SELAMAT MELESTARIKAN dan Memanfaatkan CAGAR BUDAYA Untuk Kesejahteraan Masyarakat Indonesia !




RIWAYAT LAHIRNYA LEMBAGA PURBAKALA


Sejarah berdirinya Balai Pelestarian Cagar Budaya dimulai dengan didirikannya lembaga kebudayaan pertama di Indonesia oleh kaum terpelajar di Jakarta dengan nama Bataviaash Genootschap van kunsten en wetenchapen pada tahun 1878.
Tahun 1882, kegiatan kepurbakalaan ditangani oleh Comisie tot het Opsporen Verzamelen en Bewaen van Oudheidkundige Voorwerpen dan mengalami perkembangan pesat dalam bidang penelitian, observasi, penggambaran, ekskavasi, pemeliharaan, pengamanan, pendokumentasian, dan pemugaran bangunan kuno di Indonesia. Selanjutnya, tahun 1885, didirikan lembaga swasta bernama Archeologische Vereeniging yang diketuai oleh Ir J.W ijzerman. Lembaga ini melaksanakan tugas hingga tahun 1902 yang dilanjutkan dengan pendirian Commisise in Nederlandsch-Indie voor Oudheidkundige Onderzoenk op Java en Madoera sebagai badan yang menangani kekunaan di jawa dan Madura diketuai oleh Dr. J.LA. Brandes. Komisi ini berubah menjadi Oudheidkundige Dienst in Nederlansch-indie pada tahun 1913 dipimpin oleh N.J Krom dan dilanjutkan oleh F.D.K Bosch tahun 1926 sampai dengan 1936.
Tahun1931,Oudheidkundige Dienst in Nederlandsch-Indie mengelurakan Undang-undang tentang penanganan peninggalan purbakala, yaitu Monumenten Ordonantie Staatsblad No. 238 Tahun 1931. Dengan adanya undang-undang tersebut, pengawasan dan perlindungan peninggalan purbakala, mempunyai kepastian hukum.
Tahun 1936, nama Oudheidkundige Dienst berubah menjadi Jawatan Purbakala dan dipimpin oleh Dr. W.F. Stutterheim. Beberapa bidang baru dikembangkan, antara lain keramologi, sejarah kesenian, dan arkeologi kimia.

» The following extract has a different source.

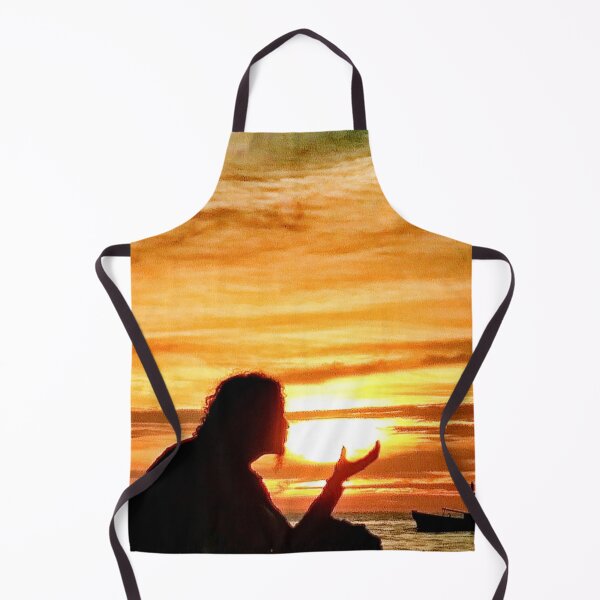 Item preview, Kiss the Sunset at Malapascua designed and sold by doodle3Dandy.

Tanggal 18 Maret 1942, Jepang mengambil alih kekuasaan atas Indonesia dari Belanda, sejak itu pula kantor Jawatan Purbakala diambil alih oleh Jepang dan berubah nama menjadi Kantor Urusan Barang-Barang Purbakala. Bulan Juli 1947 Kantor Urusan Barang-Barang Purbakala diambil alih oleh Belanda dan dipimpin oleh Prof. Dr. A.J. Bernet Kempers.
Tahun 1951, nama kantor dari Jawatan Purbakala diganti menjadi Dinas Purbakala dibawah pimpinan putra Indonesia  bernama Drs. R. Soekmono. Di bawah Dinas Purbakala ini muncul Lembaga Peninggalan Purbakala Nasional (LPPN) dan tahun 1975 struktur organisasi LPPN dipecah menjadi dua instansi, yaitu Pusat Penelitian Purbakala dan Peninggalan Nasional (Pus.P3N) dan Direktorat Sejarah dan Purbakala (DSP). Tugas DSP adalah melakukan pelindungan benda-benda peninggalan Sejarah dan Purbakala dibawah pimpinan pertama kali Drs. Uka Tjandrasasmita.
Berdasarkan Surat Keputusan Menteri Pendidikan dan Kebudayaan No.200/O/1978, pada bulan  Juni 1978 lahirlah Suaka Peninggalan Sejarah dan Purbakala sebagai Pelaksana Teknis di Lingkungan Departemen Pendidikan dan Kebudayaan yang bertanggung jawab kepada Direktur Jenderal Kebudayaan. Selama perjalanan waktu upaya pelindungan benda purbakala maka terbitlah Undang-Undang RI no.5 tahun 1992 tentang Benda Cagar Budaya dan PP RI No. 10 tahun 1993 tentang pelaksanaan UU RI No.5 tahun 1992. Undang-undang ini dikeluarkan untuk menggantikan Monumenten Ordonantie Staatsblad No. 238 tahun 1931.
Tanggal 21 Agustus 2002, berdasarkan SK Kepala Badan Pengembangan Kebudayaan dan Pariwisata No.KEP-06/BP Budpar/2002, nama Balai Pelestarian Peninggalan Purbakala mulai dipakai menggantikan Suaka Peninggalan Sejarah dan Purbakala. Kemudian sejalan dengan lahirnya Undang-Undang RI No. 11 Tahun 2010 tentang Cagar Budaya pengganti Undang – Undang RI No. 5 Tahun 1992 tentang Benda Cagar Budaya, maka sejak tahun 2012 nama Balai Pelestarian Peninggalan Purbakala berubah menjadi Balai Pelestarian Cagar Budaya dibawah Direktorat Pelestarian Cagar Budaya dan Permuseuman, Direktorat Jenderal Kebudayaan, Kementerian Pendidikan dan Kebudayaan. Tugas pokok dan fungsi Balai Pelestarian Cagar Budaya menangani masalah kepurbakalaan yang lebih luas yaitu pelestarian, pengembangan dan pemanfaatan cagar budaya.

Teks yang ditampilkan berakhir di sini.